Die Türkei — ein Land des Islam mit demokratischer Verfassung, auch wenn es noch viele Mängel gibt — hat sich auf den Weg hin zu Europa und zu europäischen Standards gemacht. Sie ist in ihrer Brücken- und Beispielfunktion unverzichtbar. Wenn dieser Prozess der Annäherung hin zur Aufnahme in die Europäische Union gelingt, dann ist dies ein Beitrag im Kampf gegen die terroristische Bedrohung.

Es gibt weder Anlass zu Schwarzmalerei noch zu ungerechtfertigtem Optimismus. Menschenrechtspolitik bleibt eine große anstrengende Herausforderung. Viele haben sich dieser Aufgabe verschrieben, so auch das Forum Menschenrechte. Es gibt keinen Anlass zur Resignation. Unzählige Menschen überall auf der Welt hoffen auf aktive Menschenrechtsverteidiger. Sie dürfen nicht im Stich gelassen werden. Eines darf man dabei nicht vergessen: Vieles, war wir nicht für möglich gehalten haben, ist Wirklichkeit geworden.

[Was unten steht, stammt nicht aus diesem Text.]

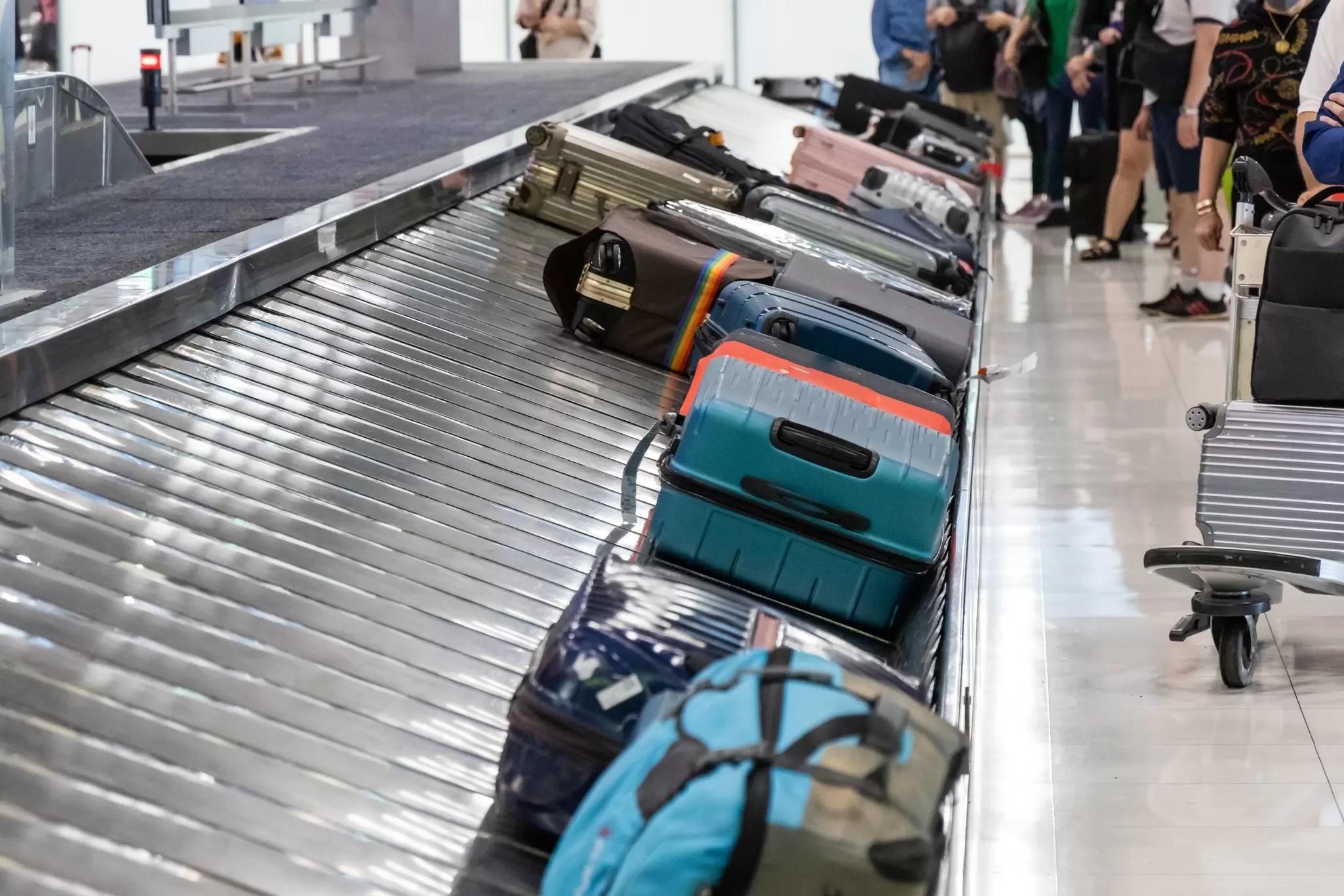 Baggage luggage at airport arrival carousel with passengers awaiting to claim their suitcases.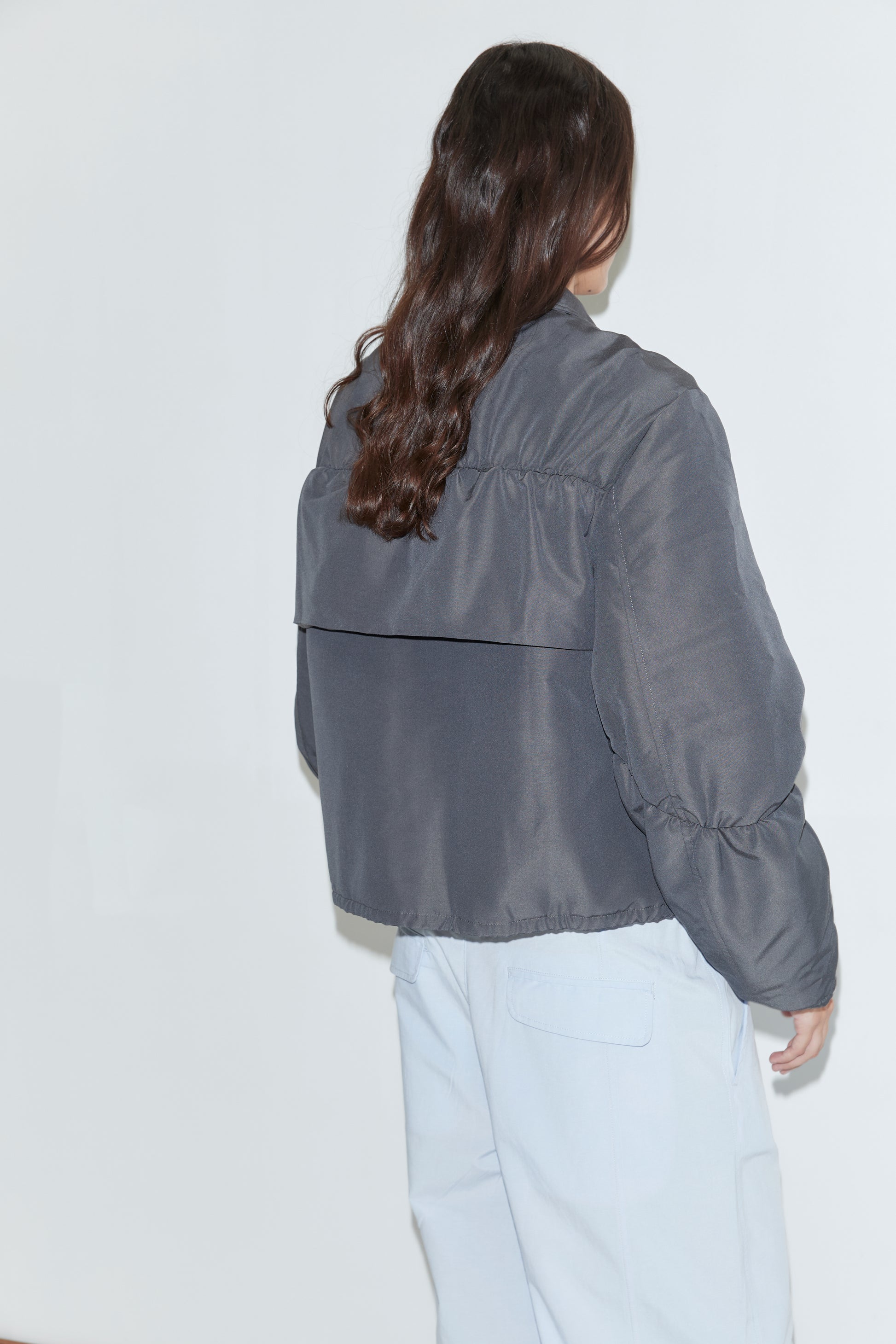 A person with long brown wavy hair, wearing the Deiji Studios Gathered Jacket - Slate and light blue pants, stands with their back to the camera facing a white wall.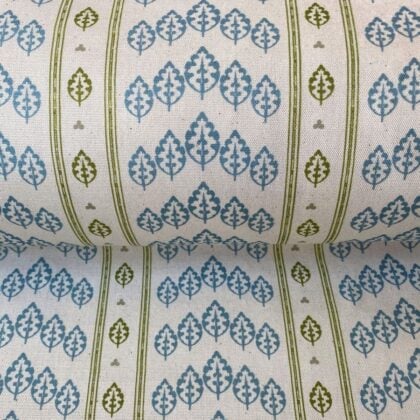 Striped pattern fabric with a repeated tree design in blue and olive green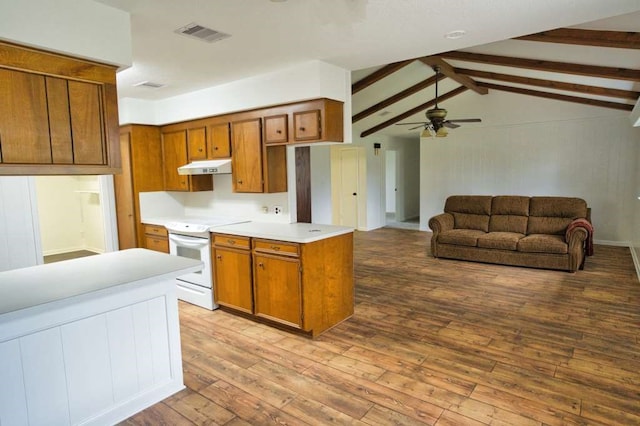 kitchen with brown cabinetry, wood finished floors, light countertops, under cabinet range hood, and white electric range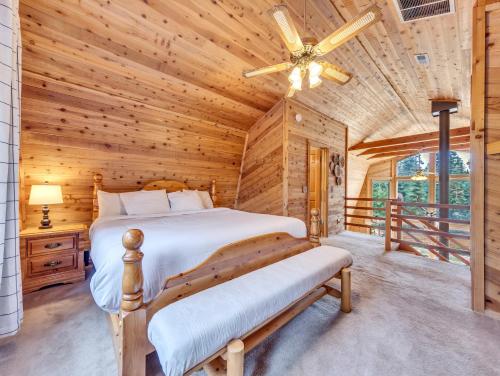 a bedroom with a bed and a ceiling fan at Moonlight Ridge in Duck Creek Village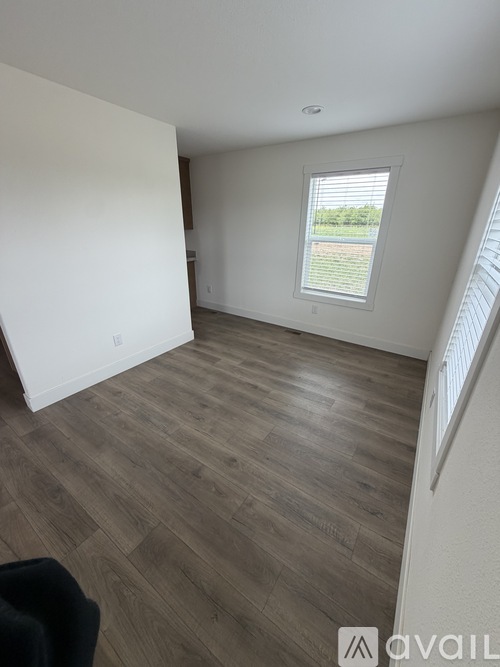 A room with a window and wooden flooring.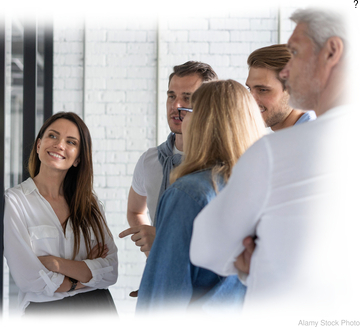 Hypothetical group of modern art collectors viewing works by the artist. (stock photo)
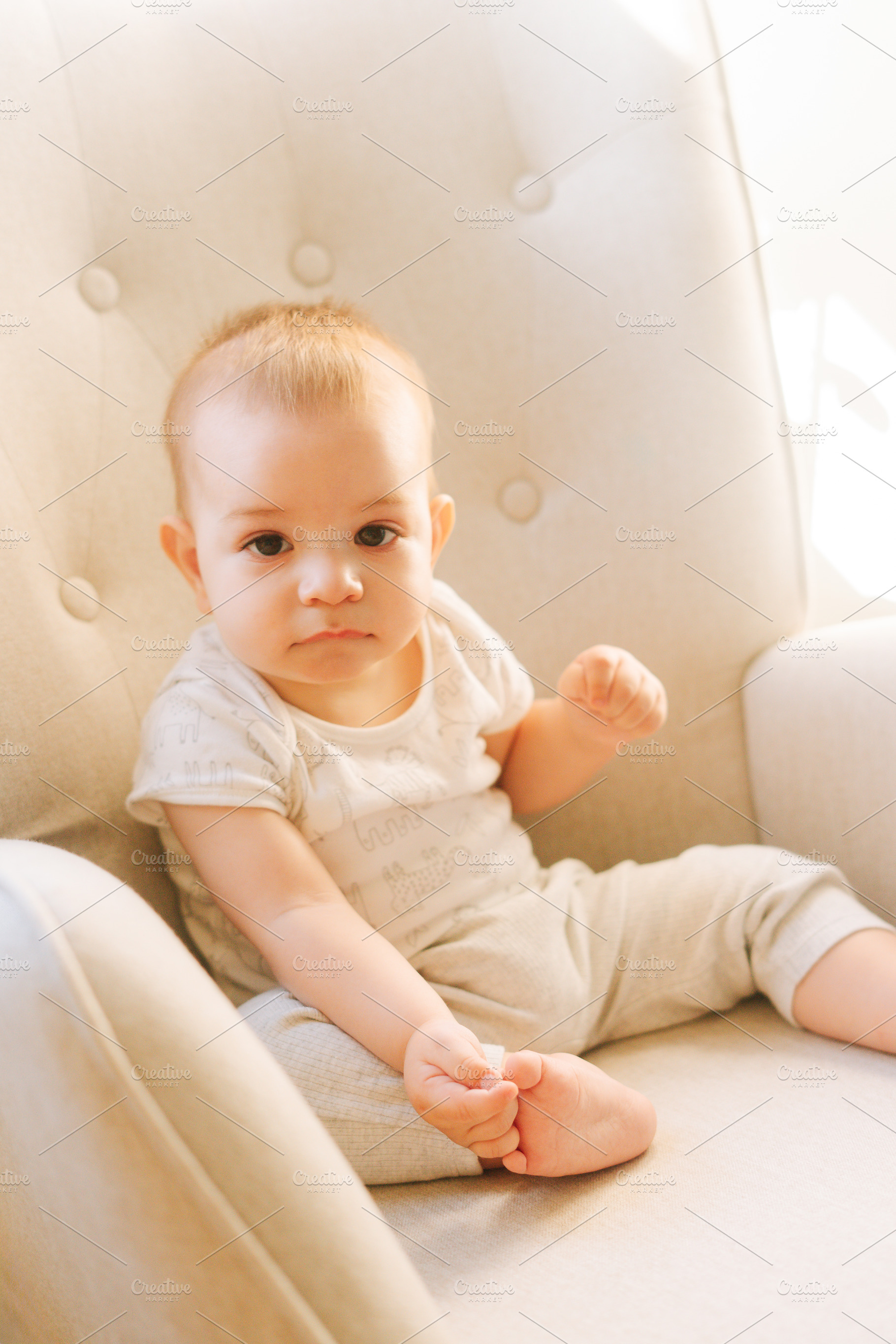 Portrait of a nine month old baby sitting in a rocking chair, a Person Photo by rubenchase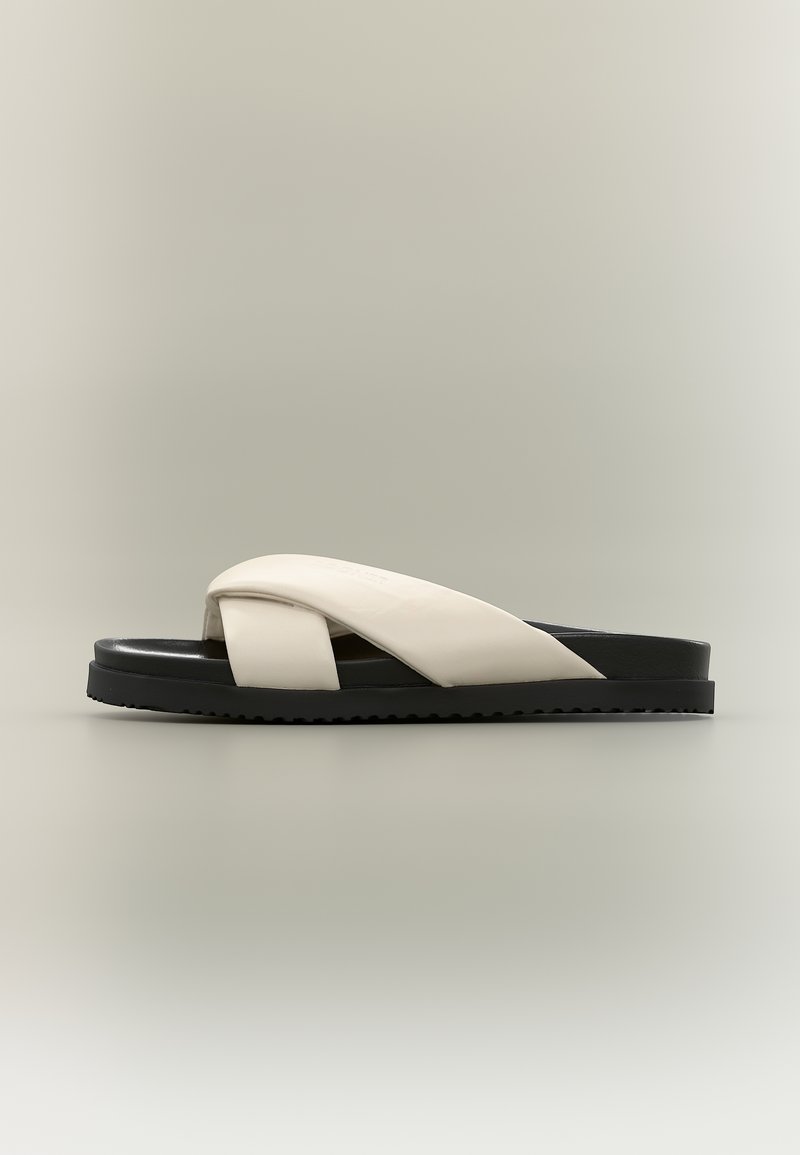 Sandale mule à semelle noire avec larges brides croisées en cuir blanc cassé et semelle extérieure texturée, vue de profil sur un fond uni.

* Der Beitrag basiert auf einer Festrede anlässlich des 10-jährigen Jubiläums des Forum Menschenrechte am 11. März 2004 im Berliner Roten Rathaus. Informationen über die Arbeit des Forum Menschenrechte unter www.forum-menschenrechte.de

[1] Leider verlief auch die Sitzungsperiode 2004 erneut weitgehend unbefriedigend. Vgl. Gerhart
Baum: Stärkeres Gewicht für Menschenrechte, in: Süddeutsche Zeitung vom 6. Mai 2004. Generell
dazu: Gerhart Baum/Eibe RiedeUMichael Schaefer (Hg.): Menschenrechtsschutz in der Praxis der
Vereinten Nationen, Nomos: Baden-Baden 1998.